But can it play Pitfall!? —

It’s a custom keyboard, an artfully dinged-up case, and a wonderful throwback.

Penk Chen's Rasti Computer

Enlarge / Penk Chen’s Rasti Computer, built with 3D printing, Framework laptop internals, and a deep love for the first laptop that went to space.

If I had to figure out what to do with the insides of a Framework 13 laptop I had lying around after today, I might not turn it into a strange but compelling “Slabtop” this time.

No, I think that, having seen Penk Chen’s remarkable project to fit Framework parts into a kind of modern restyling of the Grid Compass laptop, I would have to wait until Chen posts detailed build instructions for this project… and until I had a 3D printer… and could gather the custom mechanical keyboard parts.
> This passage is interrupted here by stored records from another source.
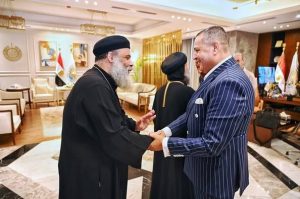 الأنبا أبوللو يقدم التهنئة لمحافظ جنوب سيناء بعيد الأضحى المبارك - 1 - سيناء الإخبارية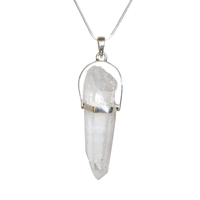 Lemurian Seed Quartz Sterling Silver Pendant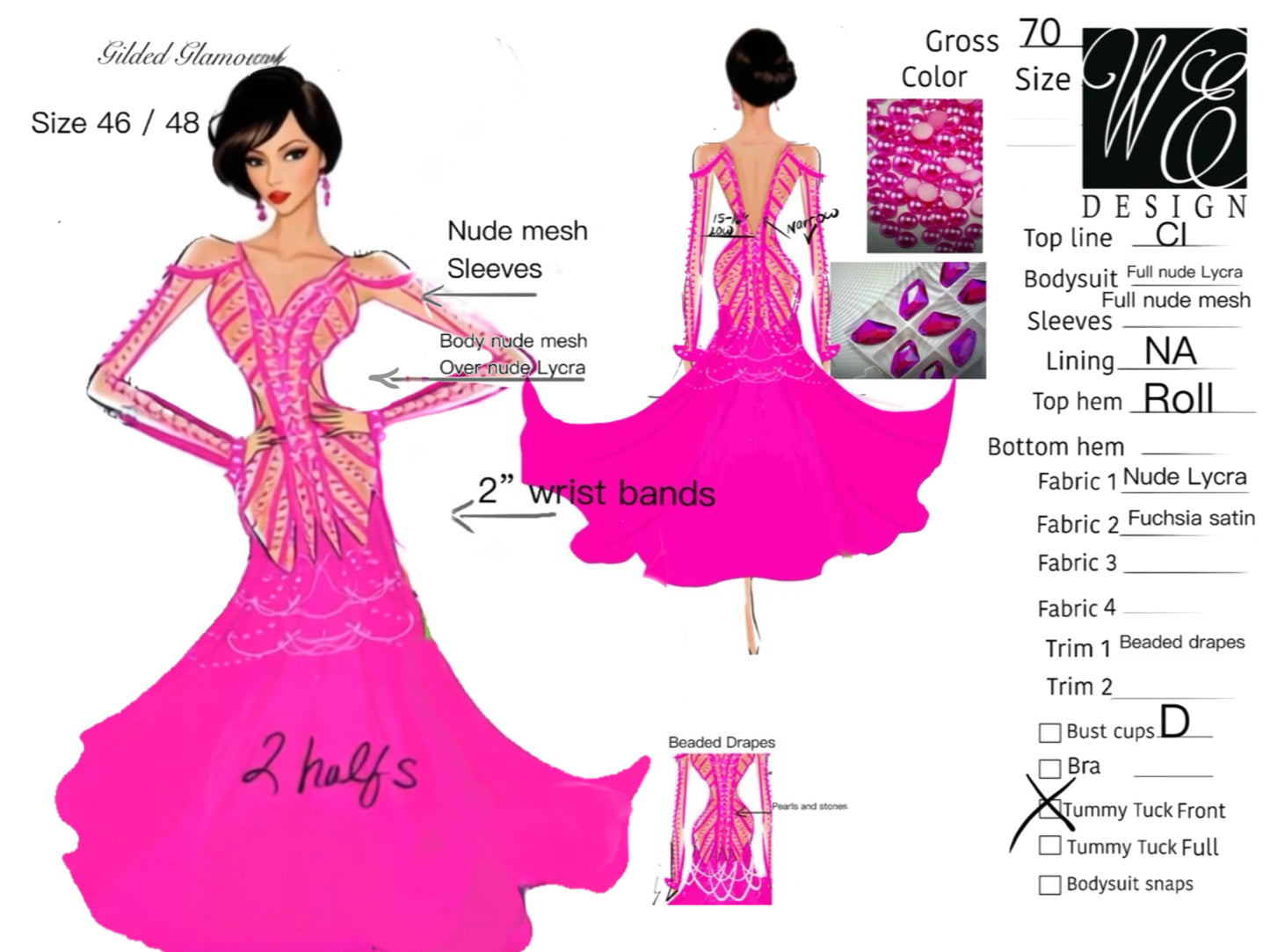 Gilded Glamour #R1207
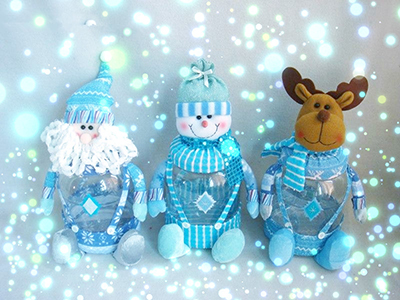 Christmas Plush Figure with Container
Sure, that’s a lot harder, but it’s hard to put a price on drawing unnecessary attention to yourself while you chonk away on your faux-used future laptop.

The Rasti Computer, which Chen writes is “derived from the German compound word ‘Rasterrahmen’ (grid + framework),” has at its core the mainboard, battery, and antennae from the highly modular and repairable first-generation Framework laptop. It takes input from the custom keyboard Chen designed for the chassis, with custom PCB and 3D-printed keycaps and case. It sends images to a 10.4-inch QLED 1600×720 display, and it all fits inside a bevy of 3D-printed pieces with some fairly standard hex-head bolts. Oh, and the hinges from a 2012 13-inch MacBook pro, though that’s possibly negotiable.
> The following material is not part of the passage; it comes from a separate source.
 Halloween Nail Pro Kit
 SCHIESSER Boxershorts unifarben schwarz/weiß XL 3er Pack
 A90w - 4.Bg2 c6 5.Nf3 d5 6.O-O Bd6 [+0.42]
  • Rear view of the Rasti Computer, with “a touch of silver dry brushing [that] added the beat-up metal look.”

  • Semi-exploded view of the Rasti Computer.

  • You can, of course, run Windows on this device, if you like. But it might feel dissonant to put so much custom work in to run a stock OS.
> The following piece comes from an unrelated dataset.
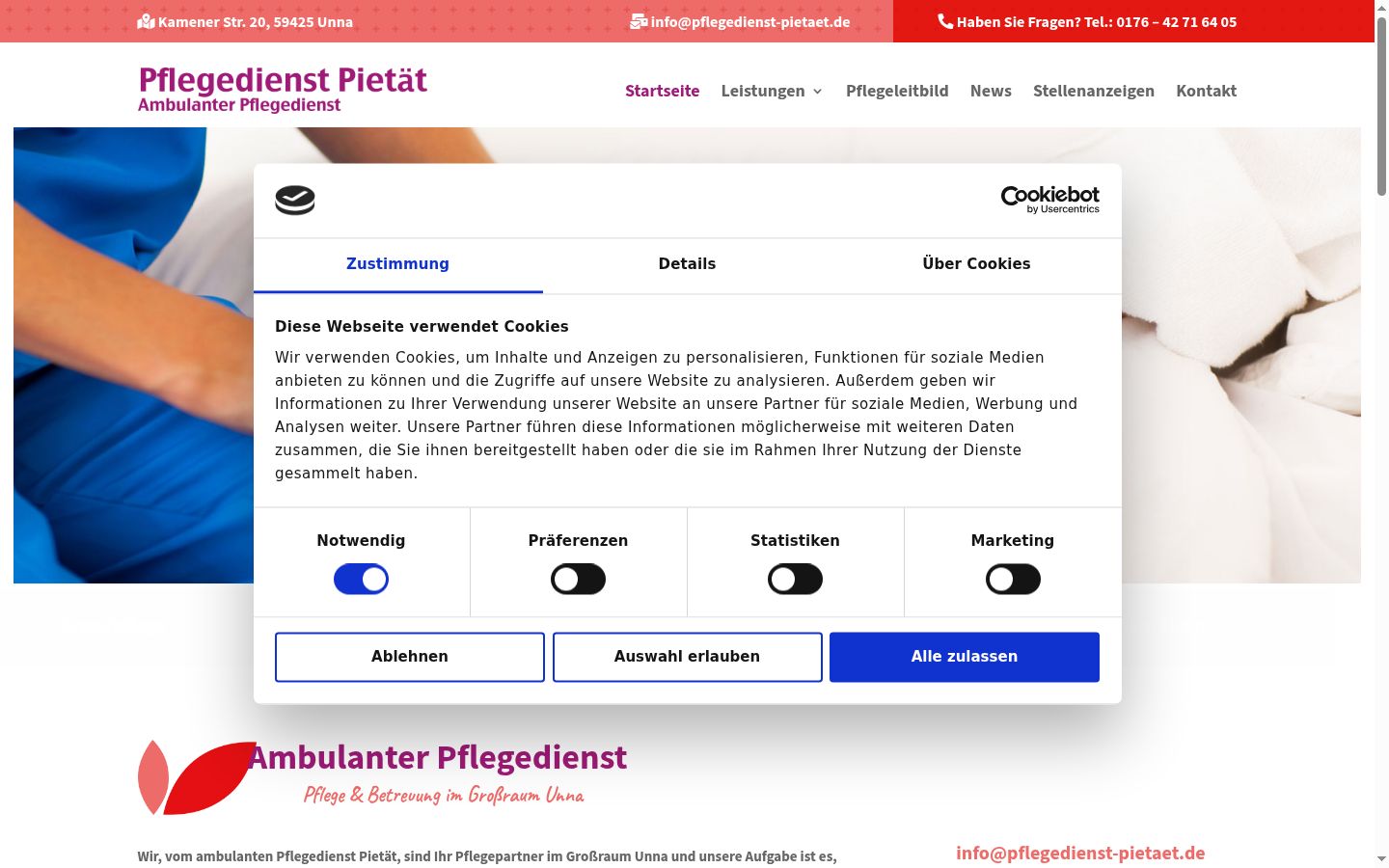 Captură de ecran a bannerului de consimțământ afișat înainte de orice interacțiune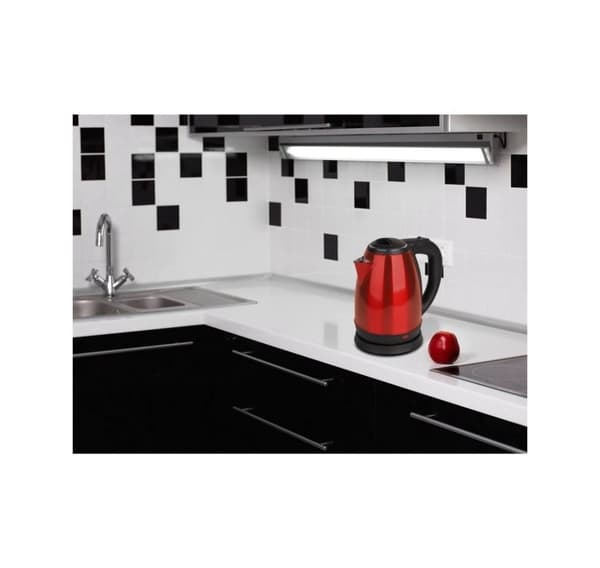 Omega vedenkeitin OEK802 1,8l 1500W, punainen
Chen’s project derives from, and pays tribute to, the Grid Compass (styled “GRiD” by its maker, GRiD Systems Corp.). The Compass was probably (again, probably) the first clamshell-style laptop made. It saw use by NASA’s Space Shuttle program, as well as by military and other entities needing a laptop that was both compact and throw-it-at-a-wall durable. It had 256KB of memory by default (less than half the amount Bill Gates didn’t say you should ever need), a 320×240 pixel screen, and an Intel 8086 processor. Some models contained a 1,200bps modem. It cost more than $8,000 in 1982, or almost $25,000 today.

We have it on good word from some resident vintage computer collectors that the Compass remains a rare and expensive item to get. Rebuilding a Framework mainboard into a modern-day Grid-like doesn’t seem particularly cheap, depending on your 3D printer setup, or lack thereof. Nor is it likely to be easy, given a glimpse at how it goes together. But it will give you a unique portable and conversation piece, one that runs programs beyond Grid-OS.

You can read more about the Grid Compass at Cooper Hewitt, the firm where Compass designer Bill Moggridge worked as design director from 2010 until his 2011 passing. If you remember bubble memory, it’s a dip back into that genial trauma. Hackaday, where we first saw the Rasti project, wrote up a similarly Compass-inspired laptop, the GRIZ Sextant, with a Raspberry Pi at its core.